Start of Dataset records

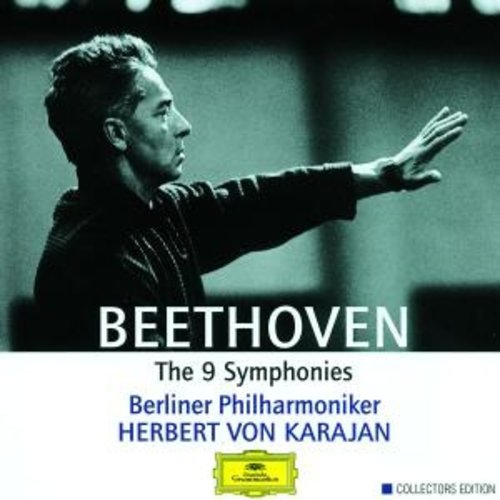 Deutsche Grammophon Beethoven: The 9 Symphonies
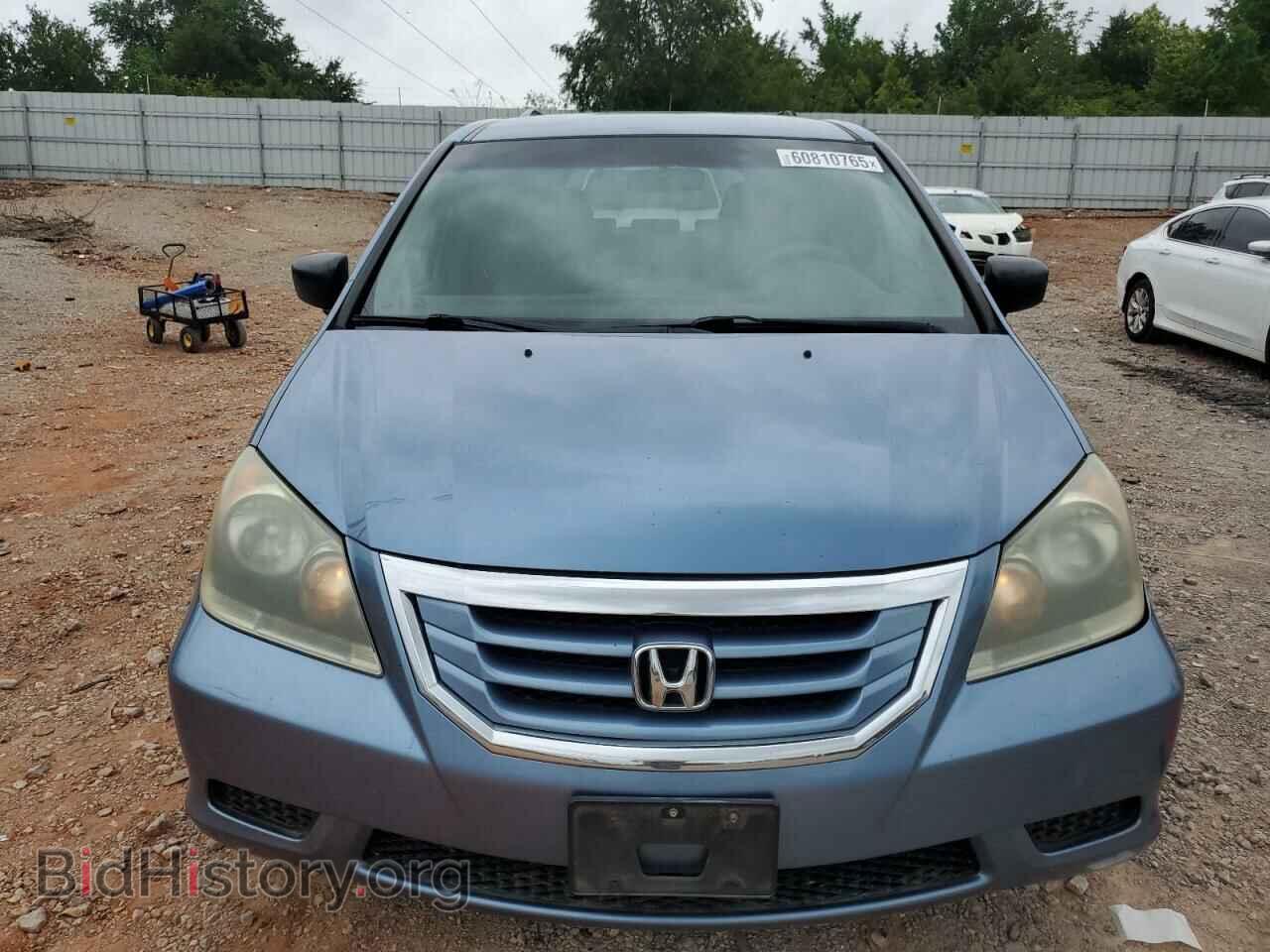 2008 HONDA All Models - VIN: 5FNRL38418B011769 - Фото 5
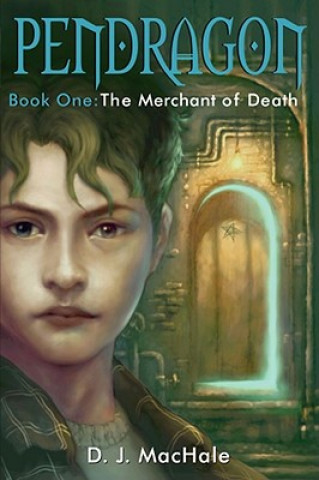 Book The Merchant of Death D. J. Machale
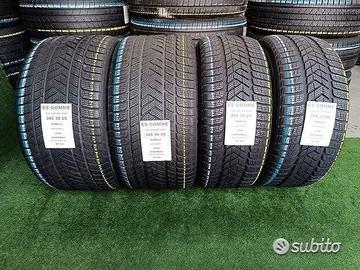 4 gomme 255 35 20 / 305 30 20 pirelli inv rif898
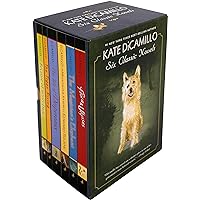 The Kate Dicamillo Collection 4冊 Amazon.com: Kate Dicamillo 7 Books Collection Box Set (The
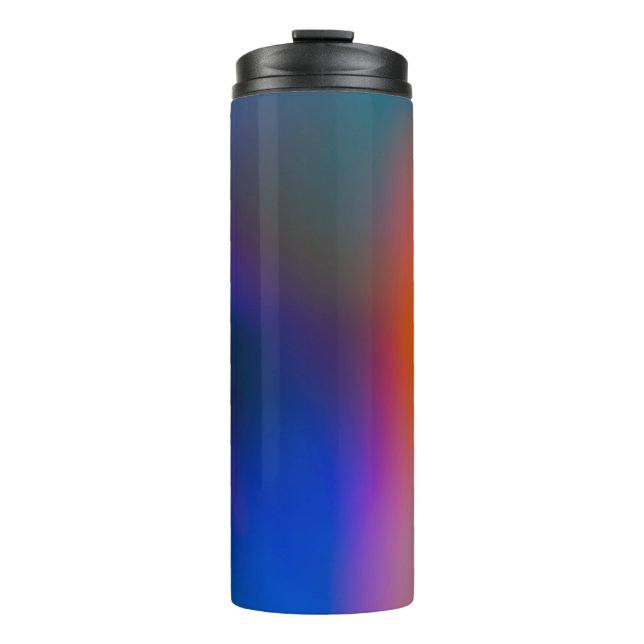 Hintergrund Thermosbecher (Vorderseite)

End of Dataset records

Description of the task
Omit the pictures. Write out exactly the lines from the one containing "Book The Merchant of Death D. J. Machale" through the last line of the entries, both of them included.

Your response
 Book The Merchant of Death D. J. Machale
 4 gomme 255 35 20 / 305 30 20 pirelli inv rif898
 The Kate Dicamillo Collection 4冊 Amazon.com: Kate Dicamillo 7 Books Collection Box Set (The
 Hintergrund Thermosbecher (Vorderseite)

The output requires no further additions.